SANAA (Reuters) – Potential disruption to global wheat supplies after Russia’s invasion of Ukraine is raising concerns that war-torn Yemen’s hunger crisis and food price inflation could deepen, with some Yemenis rushing to buy flour.
The World Food Program (WFP) this week said the Ukraine crisis is likely to further increase fuel and food prices, especially grains, in import-dependent Yemen where food costs have more than doubled in many areas in the past year.
Russia and Ukraine account for about 29% of global wheat exports and interruption to that flow is pushing up global prices.
Conflict and inflation in Yemen have pushed millions to the brink of famine.
“People are now rushing to purchase, people are on alert, anticipating a crisis,” said wholesaler Mohammed al-Nimri in Yemen’s capital Sanaa. “They are taking, ten, twenty sacks.”
Flour importer Mahran Al-Qadi said they had stocks, but people were panic buying. “Some merchants have even raised prices after seeing the great demand.”
Seven years of conflict have divided Yemen between an internationally recognised government in the southern city of Aden, and the Iran-aligned Houthi group in Sanaa.

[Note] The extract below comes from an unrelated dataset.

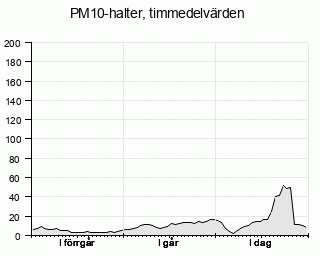 Partiklar(PM10) idag och  tv dagar bakåt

The Aden government on Tuesday held a meeting on food supplies and said there were four months of wheat and other basic goods stocks.
The Houthis’ deputy industry minister Muhammad al-Hashemi told Reuters the administration had several months of wheat stocks and more were coming from outside Ukraine and Russia.
Concerns about supplies come on top of a deteriorating hunger situation in Yemen and amid a shortfall in aid funding.
The WFP has since January cut rations for 8 million of the 13 million people it feeds a month, with warnings of more cuts.
“We have no choice but to take food from the hungry to feed the starving,” WFP head David Beasley said.
Sweden and Switzerland will co-host a donor conference on March 16 to fund the U.N.’s 2022 Humanitarian Response Plan, which in 2021 was only 58% funded.